Le deuxième sujet d’étonnement, c’est la pagination exceptionnelle mobilisée pour l’événement. Marianne fait en effet une partie de sa couverture avec le sujet (voir ci-contre) et y consacre 5 pages intérieures. Comme s’il s’agissait d’un événement planétaire. Et puis surtout – troisième sujet de stupéfaction – l’ensemble est sans nuance, dithyrambique de la première à la dernière ligne. Cela commence par un éditorial d’Alexis Lacroix. Chargé à l’époque des pages « Idées » du magazine, le journaliste, qui doit son embauche à Joseph Macé-Scaron, travaille aussi pour la revue La Règle du Jeu de Bernard-Henri Lévy : sur le site de la revue de BHL, il y est présenté comme « responsable des séminaires de La Règle du jeu toutes les semaines ». Il est donc en total conflit d’intérêts. Cela se poursuit par un immense reportage de presque quatre pages, lui aussi formidablement élogieux jusqu’à l’outrance, signé par un pigiste, le très controversé Mohamed Sifaoui. Et cela se clôt par une petite chronique, tout aussi louangeuse, discrètement signée « Grégoire Chertok ».

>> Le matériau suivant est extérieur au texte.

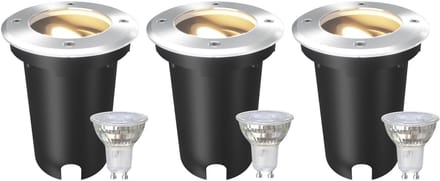 Ledvion LED Grondspot 6 stuks Vierkant GU10 3W 230V 2700K Warm wit IP67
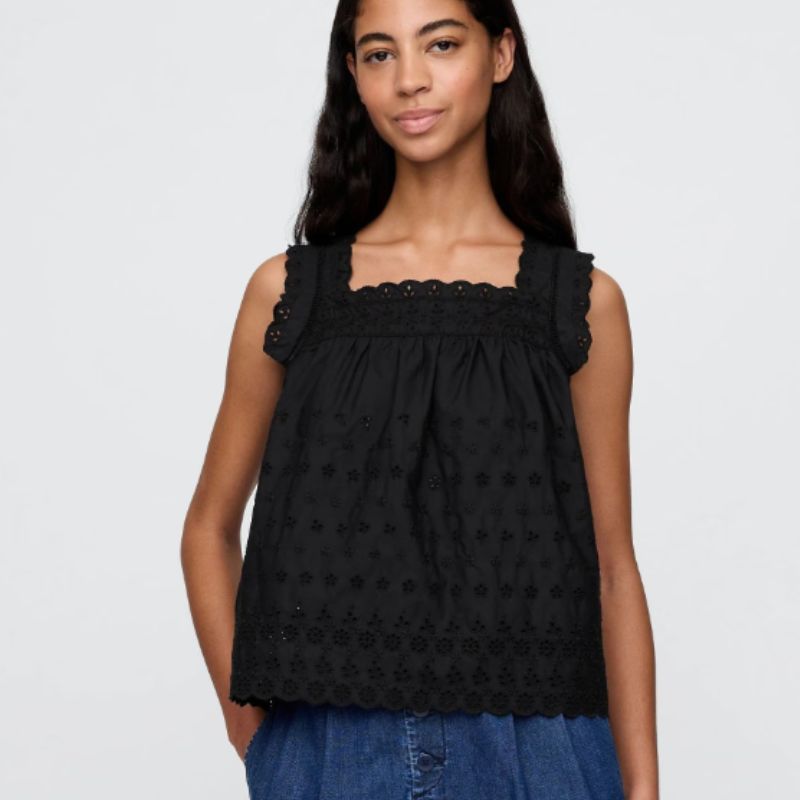 black eyelet top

De bien sulfureux partenariats
Si ce dernier article prend moins de place que les autres, il frappe tout autant les esprits. Car Grégoire Chertok, qui tient une rubrique cinéma dans Marianne depuis janvier 2016, intrigue beaucoup la rédaction. Et pour cause ! Associé-gérant de la banque Rothschild, conseil dans les plus grandes opérations financières qui se déroulent sur la place de Paris, conseil aussi de quelques-uns des plus grands patrons français, tel Martin Bouygues, il est aussi engagé en politique : adjoint au maire Les Républicains du XVIearrondissement de Paris, conseiller régional d’Île-de-France, il est un ami intime de Jean-François Copé. Depuis le début de l’année, c’est donc un mystère qu’aucun journaliste n’est parvenu à percer : mais qui diable a enrôlé Grégoire Chertok dans les colonnes de Marianne ?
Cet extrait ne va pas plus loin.